The ancient occasion that occasioned the ever-expanding holiday season gets a splashy theatrical treatment in the Crystal Cathedral’s “The Glory of Christmas,” an annual religious pageant that’s been wowing local auds since 1981. Replete with airborne angels whizzing through the vast confines of the Cathedral, a menagerie of live, Biblically Correct beasts and more Christmas tunes than an Andy Williams 2-CD set, show makes up in straightforward showbiz pizazz what it may lack in subtler aesthetic considerations. Boffo biz looks likely to continue ’til Armageddon.
Show gets off to a crisp start with the betrothal of Mary (Mardi Robins) and Joseph (Bruce Johnson), followed in short order by the arrival of the Angel Gabriel, giving Mary the good, if surprising, news. Some nasty Romans arrive on horseback to announce the census, which requires Mary and Joseph’s return from Nazareth to their hometown of Bethlehem, on which journey lodgings were so famously and picturesquely difficult to secure. (Non-denominational narration by Thurl Ravenscroft (!) has its revelations: The fabled manger, we learn, was probably just a cave that sometimes housed livestock.)

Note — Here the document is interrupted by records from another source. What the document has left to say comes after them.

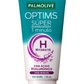 ACOND PALMOL OPT HID A-HIAU 170ML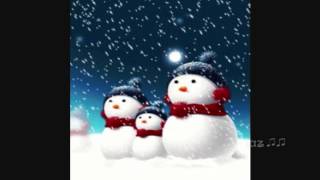 Watch Nat King Cole Caroling Caroling video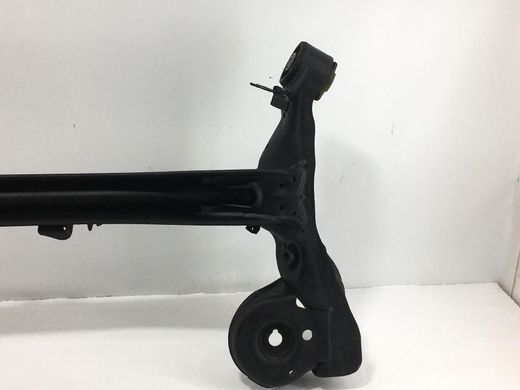 Балка задней подвески PEUGEOT 5008 2009-2016 5148X5, 5148X5, A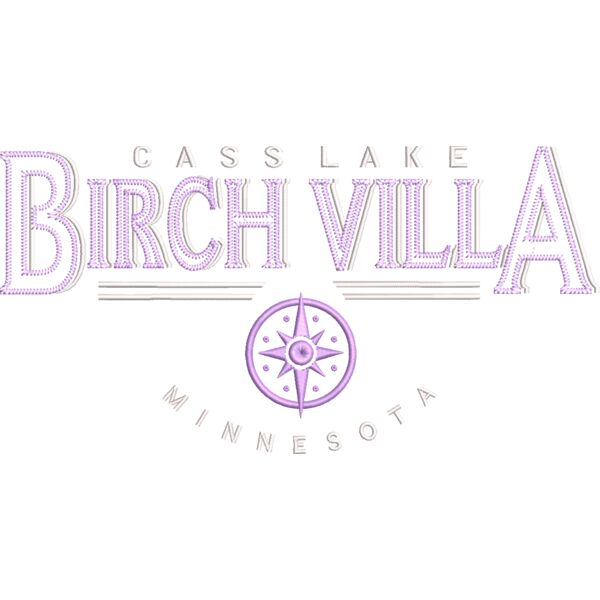 Birch Villa_RT77_Twill_1-28-22 Thumbnail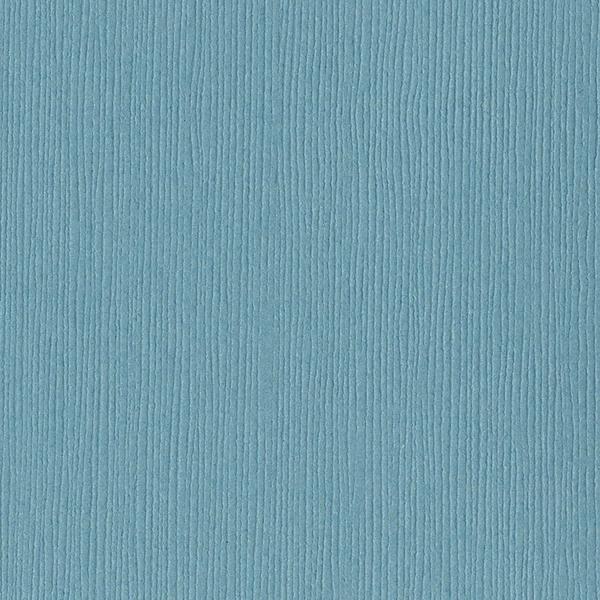 Bazzill Fourz Cardstock 12"X12"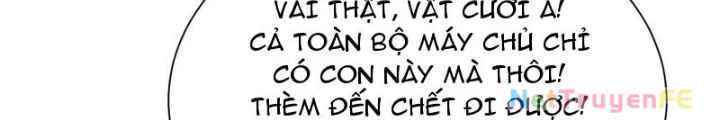 Từ Dã Quái Bắt Đầu Thăng Cấp Chapter 62 - Trang 7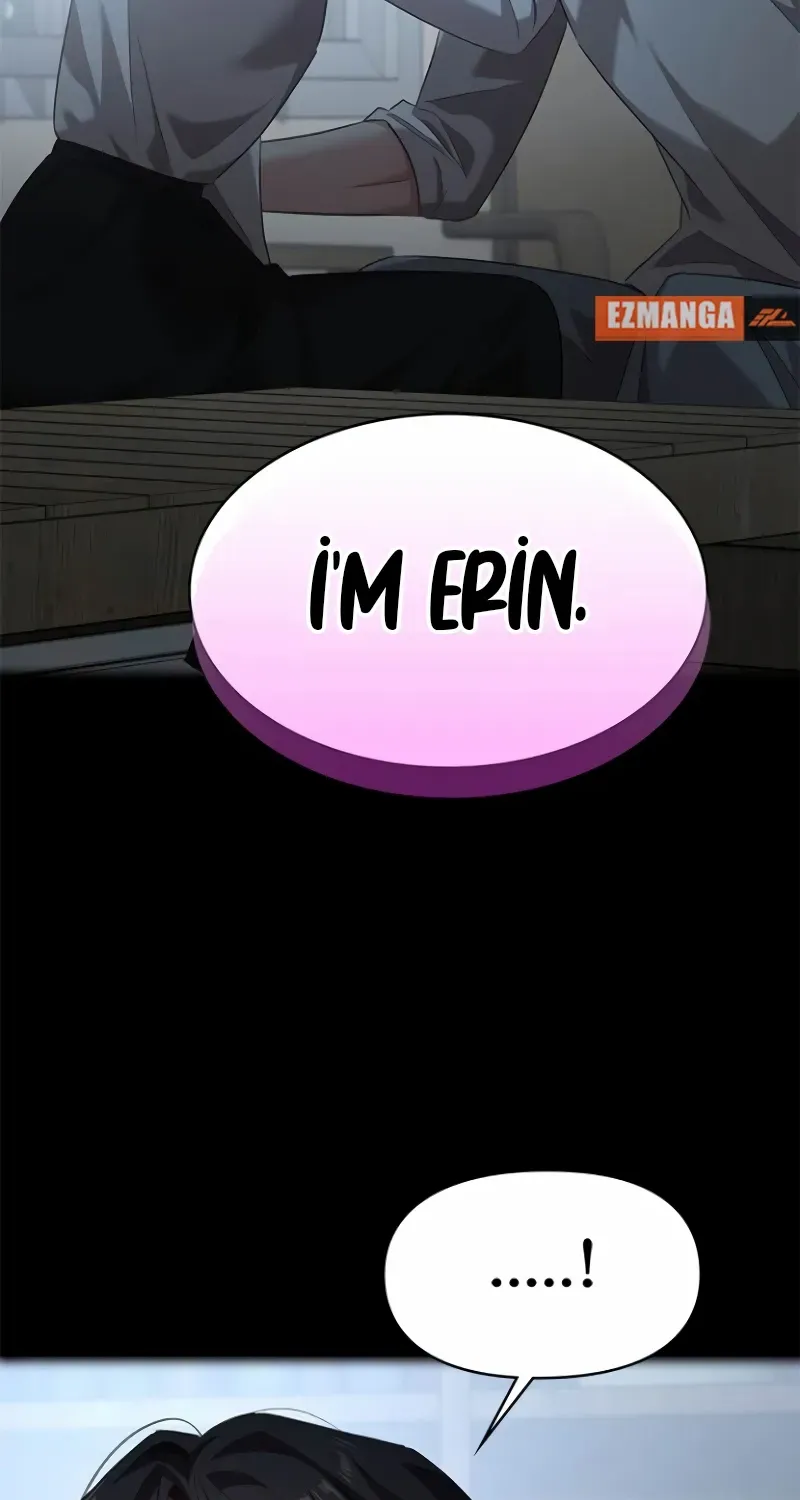 The Visitor Of The Night Chapter 39 page 53 - 
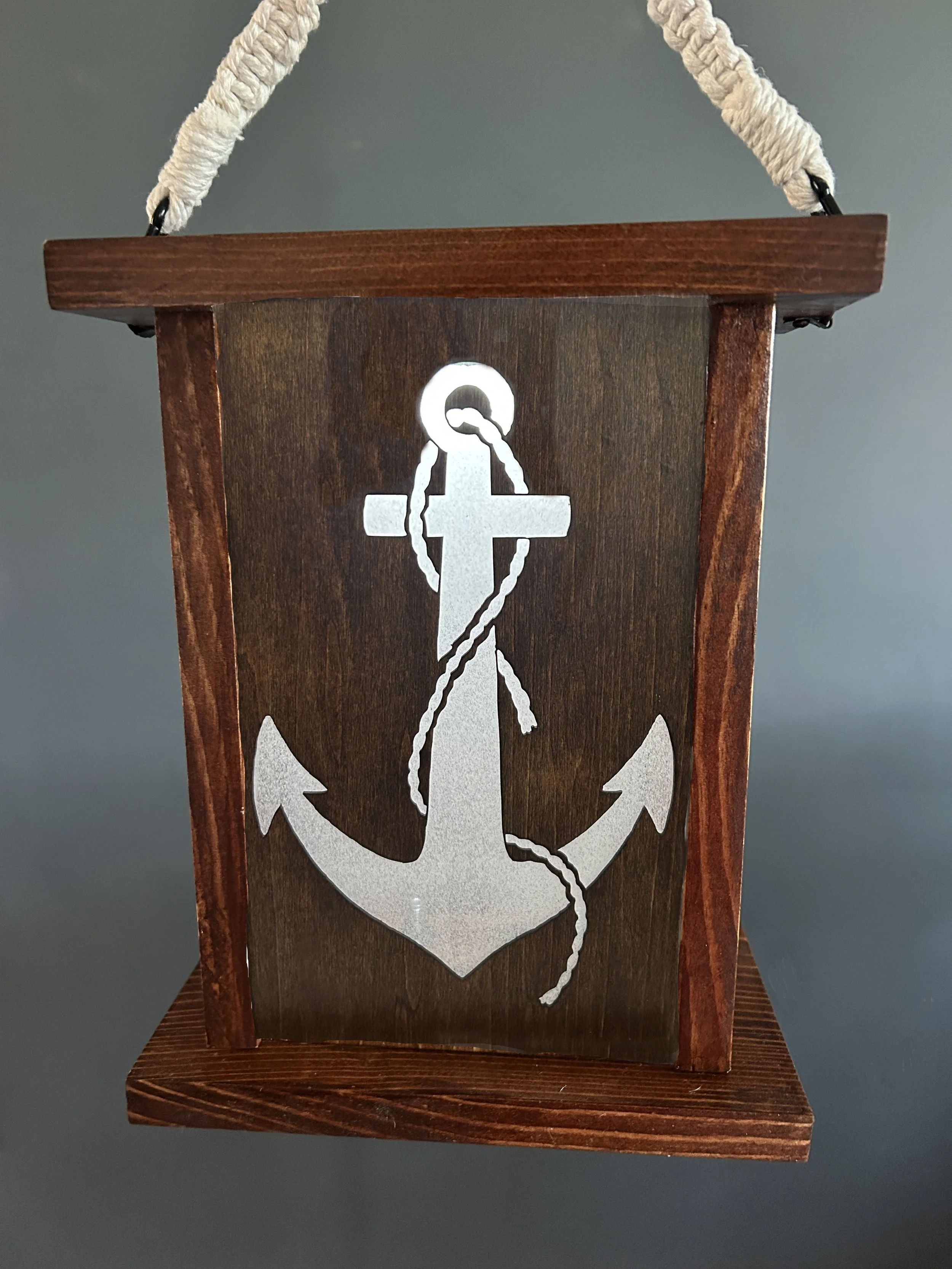 Solar Lantern - Bird Feeder - Anchor.jpg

Familiar story (Isaiah predicted the highlights back in the eighth century B.C.) climaxes early with Jesus’ birth, whereupon dramatic arc ends abruptly. Latter half of the pageant is largely given over to song and dance celebrating the event (“The First Noel,” “Angels We Have Heard on High,” “Silent Night,” “Away in a Manger,” etc.). Traditional lineup of tunes is augmented by some contempo additions, notably a commendable number espousing Christ’s pan-racial appeal, credited to Hutson-Burt. (Song’s heart is in the right place, even when its lyrics give pause: “Some children see him with almond eyes … with skin of yellow hue.”)
Vocal contributions are strong across the board, with Robins’ ringing soprano a standout in her many songs and Tod Fitzpatrick as the lead shepherd displaying a thrilling baritone on “What Child Is This.” (Roles are double- and sometimes triple-cast, since as many as three perfs a day are given.) Junior singers acquit themselves charmingly.
Acting is uneven, as may be expected from the mixture of professionals and amateurs in the cast. Robins is earnest and affecting as Mary, and Daniel Bryan Cartmell gives a nice oily turn as King Herod, but non-pros Chris Blanas as the Innkeeper and Roman Captain Michael McClanahan aren’t Broadway-bound.
Cast of assorted mammals will delight kids, with the sheep displaying a perhaps forgivable tendency toward scene-stealing bleating (after all, how much stage work is there for sheep these days?). Even in the cavernous confines of the Crystal Cathedral, the camels are surprisingly, er, fragrant.
Show’s highlight is the host of angels that glide out over the audience at dizzying heights, and fly back to their celestial berths with breathtaking speed. The girls clearly have faith in both God and the skills of stage-flight specialists Flying by Foy, whose Peter Foy outdoes himself here.
Charles Lisanby’s single set features a beautiful star-dotted sky backdrop and a naturalistic landscape that depicts various Biblical locations with ease, and the lighting by Perry Halford and Terry Larson is used to crackerjack theatrical effect (although a couple of the angelic hosts lost their follow spots at the perf reviewed). Richard Bostard’s costumes are gaudy and lavish for the kings and Romans, properly peasant-like for the rest. Acoustics in the Cathedral are surprisingly strong, with live trumpeting and the house’s major organ among the highlights.
Show closes with the adoration of the Magi and a final tableau that bathes the Holy Family in spectacular light, as director-writer Paul David Dunn’s narration reminds us of Jesus’ significance to civilization and the general details of his future life and career (see “The Glory of Easter”). At this point, a cold wind blows through the Cathedral, perhaps to add a dramatic frisson to recollections of the more vivid of Christ’s misfortunes, or perhaps to whisk away the lingering scent of camel. It’s a theatrical touch that succeeds on both counts.